SOURCE DATA

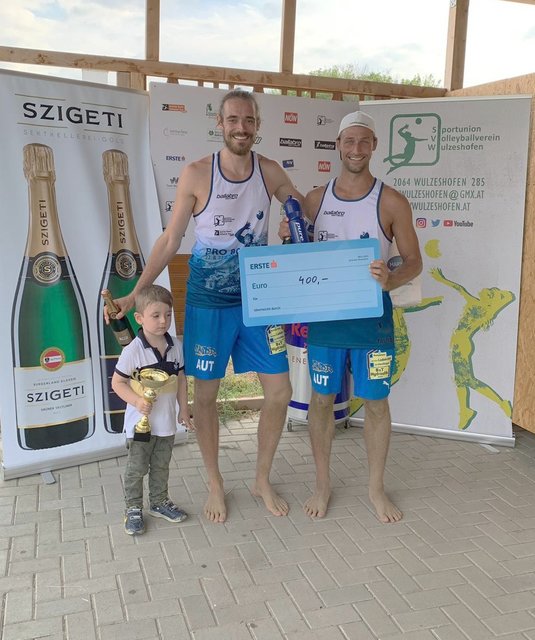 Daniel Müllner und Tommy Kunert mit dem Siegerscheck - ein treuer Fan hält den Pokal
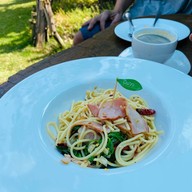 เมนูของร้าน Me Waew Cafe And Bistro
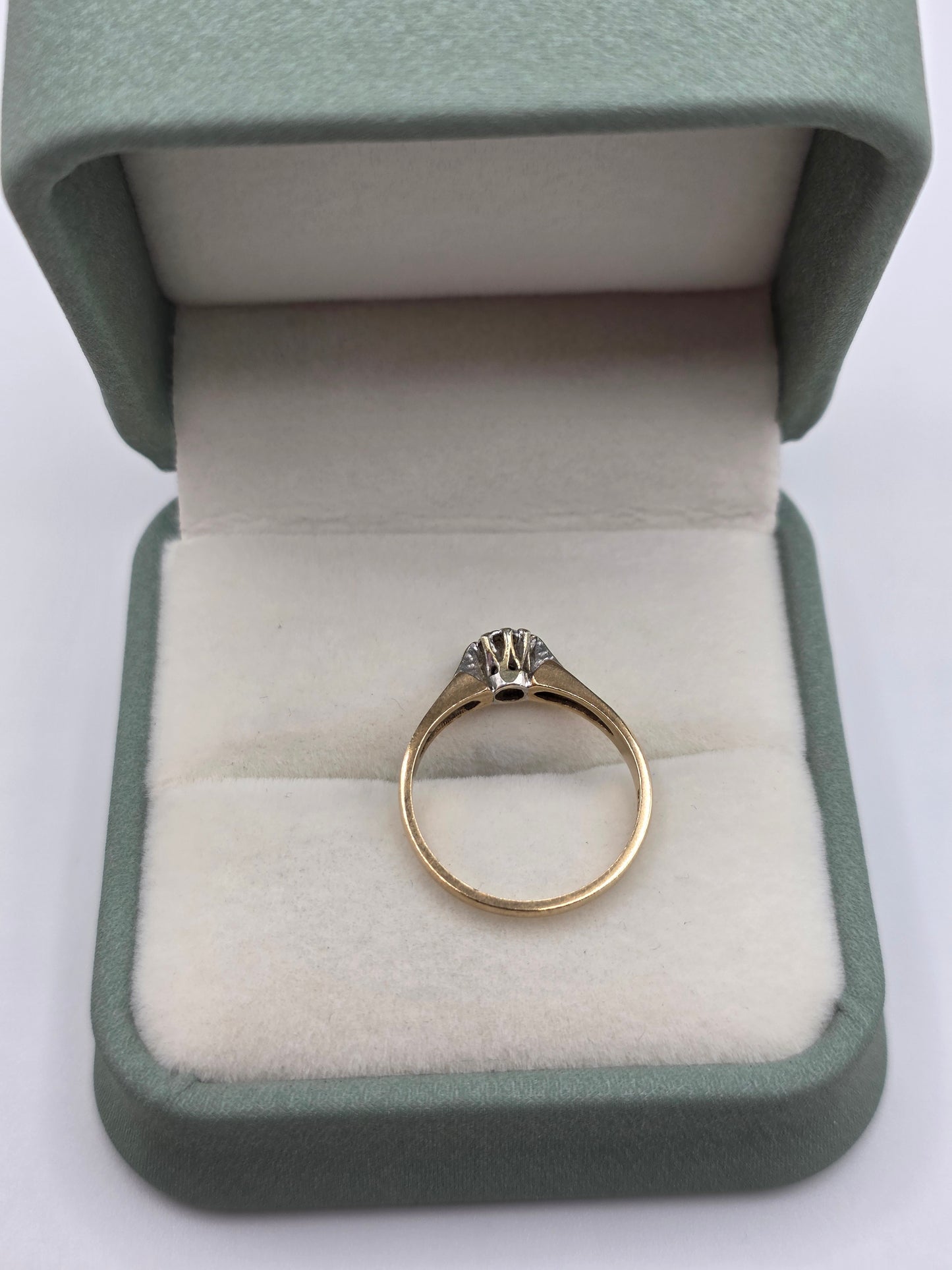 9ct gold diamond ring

---

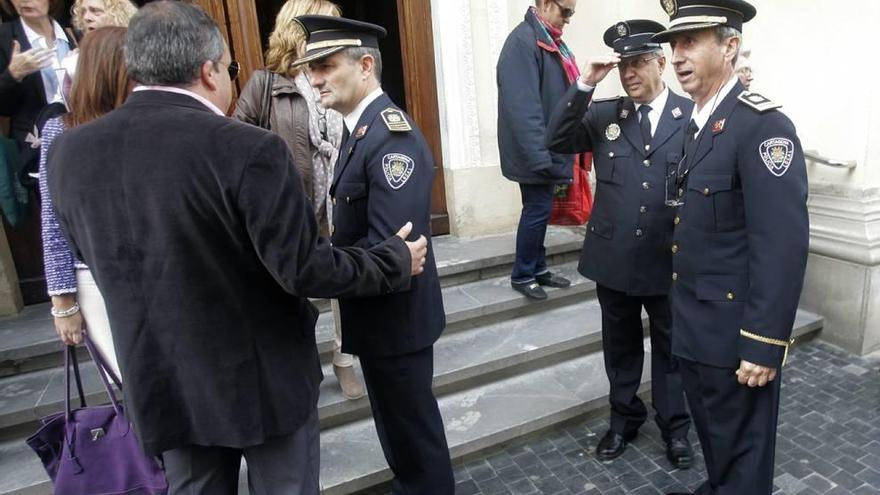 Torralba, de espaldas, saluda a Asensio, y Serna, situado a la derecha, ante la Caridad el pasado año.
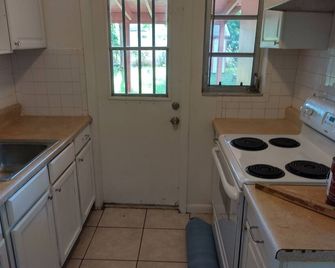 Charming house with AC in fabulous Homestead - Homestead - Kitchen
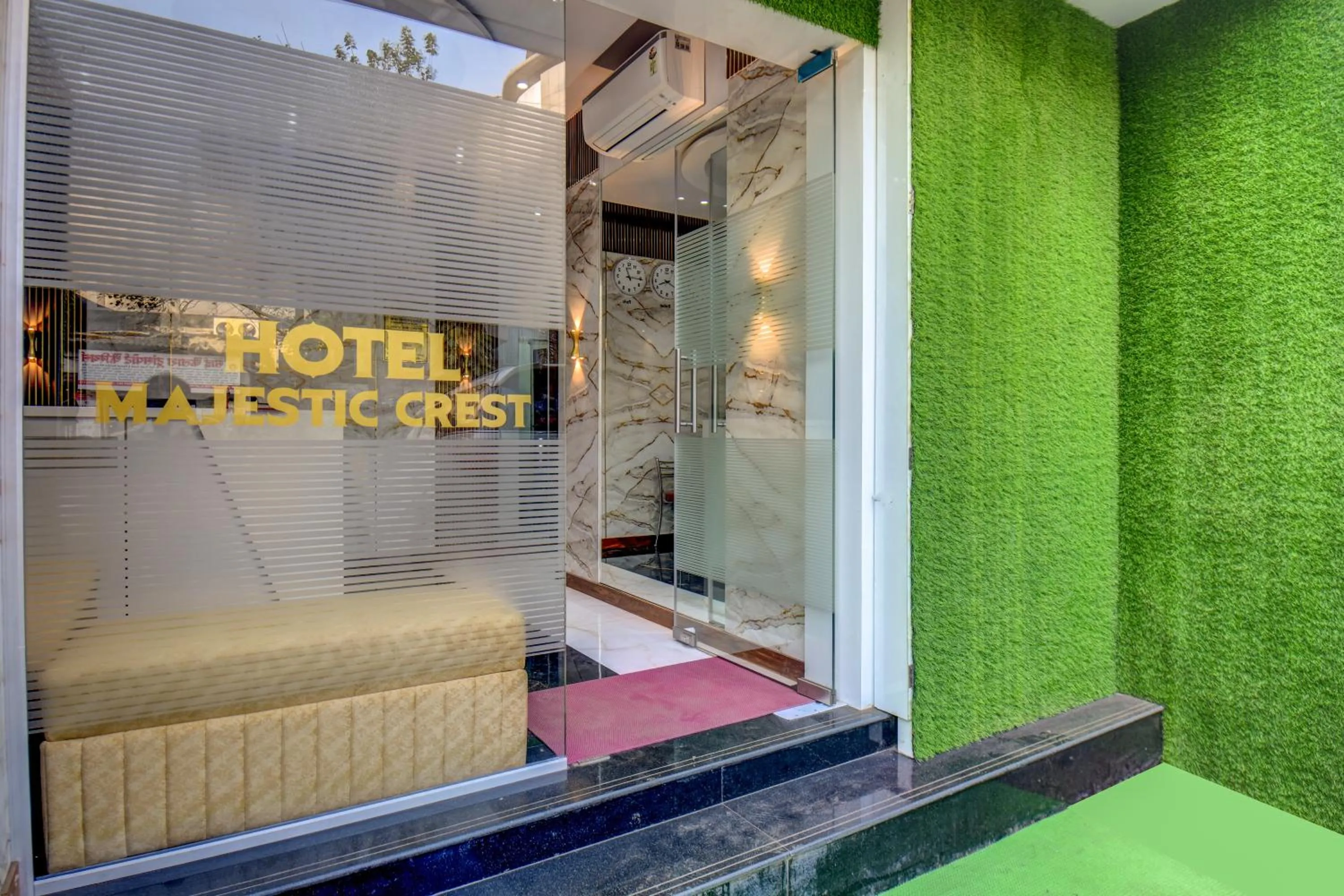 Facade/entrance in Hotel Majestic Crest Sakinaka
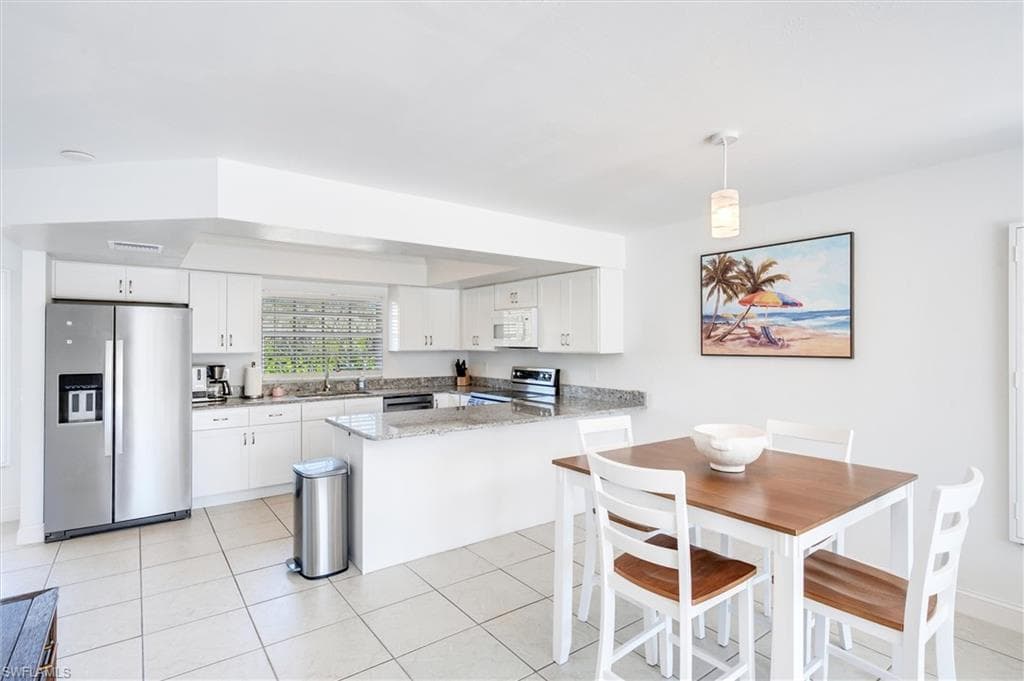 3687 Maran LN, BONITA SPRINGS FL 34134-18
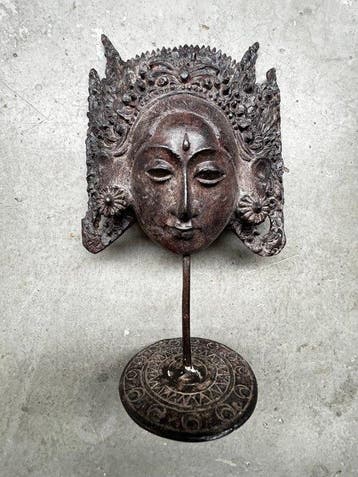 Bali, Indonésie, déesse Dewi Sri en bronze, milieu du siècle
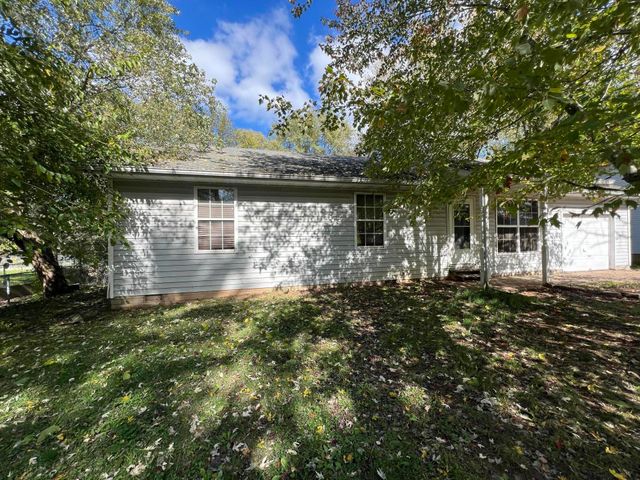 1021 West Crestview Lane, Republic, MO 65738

TO DO
Using the data above, print only the lines starting at the one with "3687 Maran LN, BONITA SPRINGS FL 34134-18" and ending at the one with "1021 West Crestview Lane, Republic, MO 65738", exactly as they stand, minus the pictures.

EXPECTED OUTPUT
 3687 Maran LN, BONITA SPRINGS FL 34134-18
 Bali, Indonésie, déesse Dewi Sri en bronze, milieu du siècle
 1021 West Crestview Lane, Republic, MO 65738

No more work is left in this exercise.